◆ **Instructions for the task**
Retype exactly the span of lines below from the one with "Close-up of white flower on plant" through the one with "Vertical photo". Do not include pictures.

[[ Data for this exercise open ]]

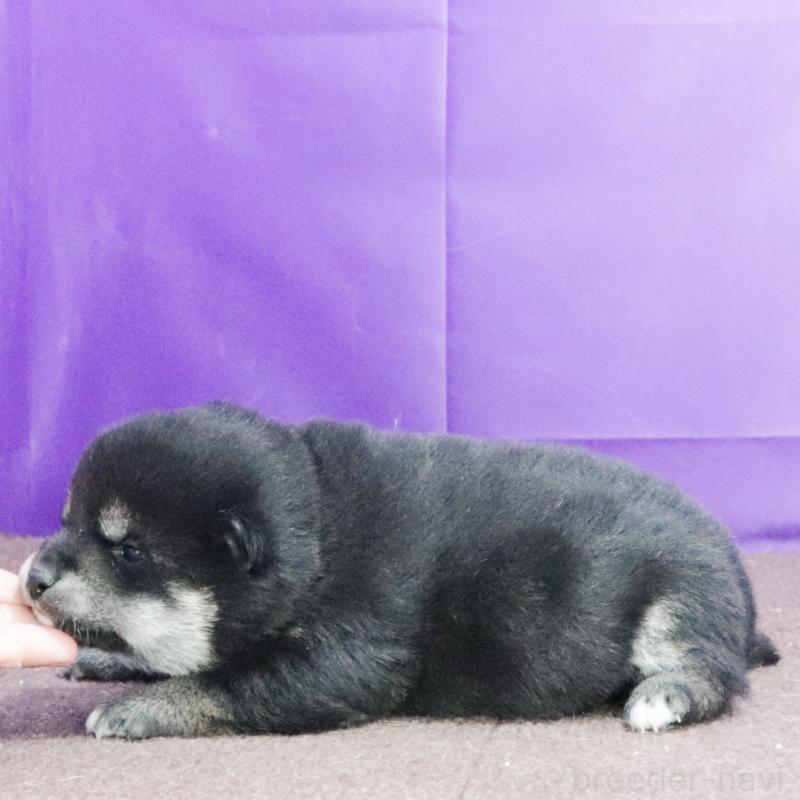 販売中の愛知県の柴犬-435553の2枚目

[[ Data for this exercise closed ]]
[[ Data for this exercise open ]]

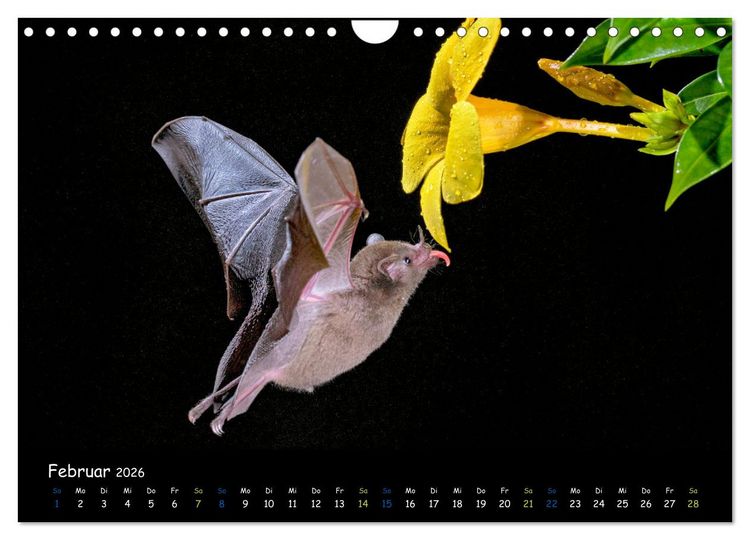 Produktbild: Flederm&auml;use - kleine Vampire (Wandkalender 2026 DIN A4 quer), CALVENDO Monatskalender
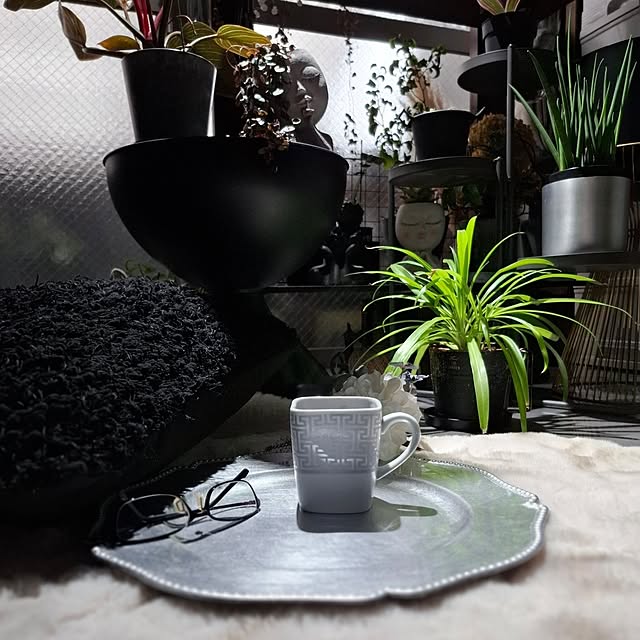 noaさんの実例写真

[[ Data for this exercise closed ]]
[[ Data for this exercise open ]]

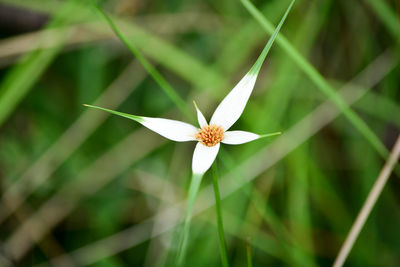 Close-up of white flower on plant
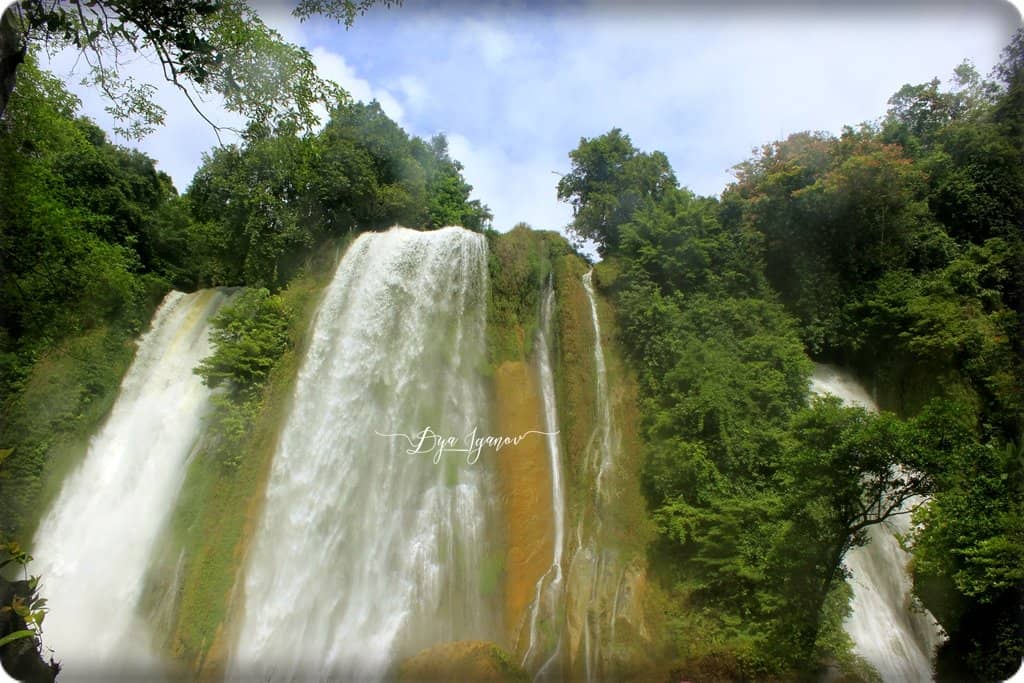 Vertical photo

[[ Data for this exercise closed ]]

◆ **Finished exercise**
 Close-up of white flower on plant
 Vertical photo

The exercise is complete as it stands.